Despite these benefits, DV has a number of limitations:
- The incorporation of DV into an existing architecture necessitates the adoption of new communication paradigms by existing applications. This presents a level of disruption with associated development time and costs.
- Furthermore, a DVL can become a single point of failure, as the client is reliant on the provider’s ability to avoid downtime and remain up to date and secure. If the layer has insufficient capacity to handle demand response times may suffer.
- Most importantly, DV technology provides an on-demand service; data is transferred through the layer, not stored. Thus, historic data cannot be stored in its virtualised form without purpose-built storage facilities. This means that virtual data is not directly auditable; this being the key benefit of a data warehouse. Consequently, DV is promoted as a means to augment data warehousing technology where this functionality is required.
The real power of DV lies in the ability to expose the entirety of a pre-existing data supply chain in business semantics while masking the underlying technical challenges of accomplishing this and doing so without the need for significant architectural and operational upheaval. As financial institutions continue feeling the increased burden of effective data management, DV is proving to be an important tool in resolving the key data management challenges commonly faced in the industry.
1 Data warehouse: A central repository for integrated data from one or more sources for analysis (i.e. business intelligence and management information).
2 Heterogeneous data: A collection of data of dissimilar typology.
3 Application programming interface (API): A complete set of clearly-defined communication methods for accessing data or functions within an application.
4 Data aggregation: Compilation or summarisation of data from dispersed, disparate sources.
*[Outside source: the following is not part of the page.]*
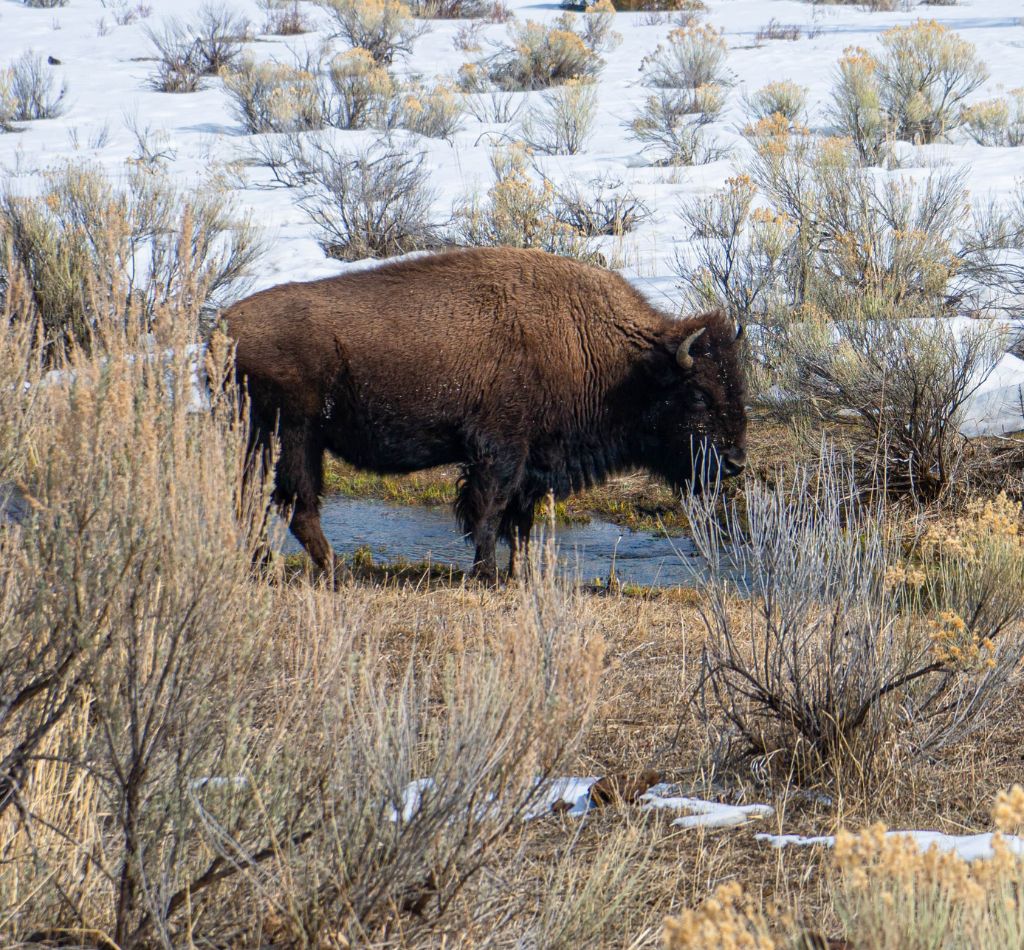 Yellowstone Bison Winter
Data cleansing: Identification and correction of corrupt, inaccurate, incomplete or conflicting data.
Data enrichment: Enhancement or refinement of raw data.
5 Abstraction: The separation of usability and implementation to facilitate exploitation of underlying functionality.
6 Rationalised data: Data that has been standardised by aggregation, cleansing and enrichment.
7 Extract, transform, load (ETL): The process of organising and storing large quantities of aggregated data en masse for consumption.
8 Management information (MI): Data converted into meaningful information for monitoring business performance.
Business intelligent (BI): Techniques for analysing management information to inform strategic decisions.
9 Schema: A description of a formally defined data storage structure.
10 Modular architecture: A design that emphases the separation of functionality into independent modules comprised of applications and their respective databases.
11 Vendor lock-in: A tendency to overcommit to a single vendor and become excessively reliant on their platform or technology.